The Nuts & Bolts of Sustainable, Responsible, and Impact Investing

There are many terms for this type of investing: responsible investing, impact investing, sustainable investing, ESG investing, socially responsible investing, and the list goes on. But the fact is, according to US SIF: The Forum for Sustainable and Responsible Investing, there are now over $17 trillion invested in sustainably managed assets.

Now Sustainable, Responsible, Impact Investing (SRI) has a long and storied history going back to religious investors who wanted to avoid investing in gambling and companies that produced alcohol. During the 70’s, the green movement integrated environmental awareness.

Traditionally, SRI includes three basic components:

-      Screening

-      Shareholder advocacy

-      Community investing

Screening There are two ways to screen a portfolio: positive and negative. Originally, SRI focused on negative screening, asking the question “what companies or sectors do we want to avoid?” It has evolved to include positive screening which asks the question “what do we want to own?” Earth Equity Advisors uses both techniques, but is proud to focus on the positive.

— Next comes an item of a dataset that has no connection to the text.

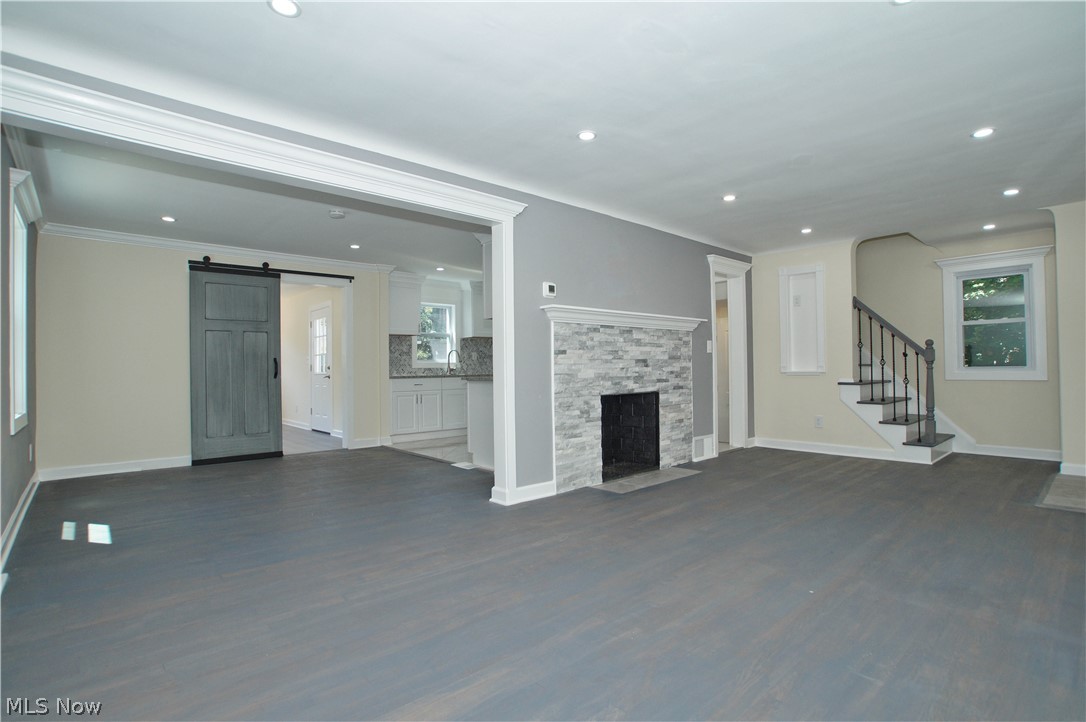 Oxford Manor - Residential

Screening criteria typically include:

-      Environmental track record & sustainability

-      Corporate governance, business ethics &transparency

-      Product safety

-      Fair, safe and equitable workplace

-      International human rights

-      Community involvement 

Shareholder Advocacy As a shareholder of a corporation, you have a voice in the selection of company leadership and to a limited extent, operational issues. This is accomplished by voting what is called a proxy. Every year, corporations must hold shareholder meetings, and at these meetings, shareholders vote on a range of issues, including resolutions intended to influence company operations. While non-binding, when a vote on are solution moves above 30% approval rating, it’s usually in management’s best interest to listen.

Shareholder resolutions filed over the past several years include:

-      Corporate political activity including donations

-      Climate change

-      Labor & equal employment opportunity

-      Executive pay

-      Human rights

-      Board diversity

-      Sustainability reporting


Community Investing The final leg of SRI is community investing. At Earth Equity Advisors, we use community reinvestment act notes which direct capital to underserved communities. This may result in low-income housing construction, job retraining programs or affordable healthcare programs. Most of these programs are domestic, but some are directed internationally as well.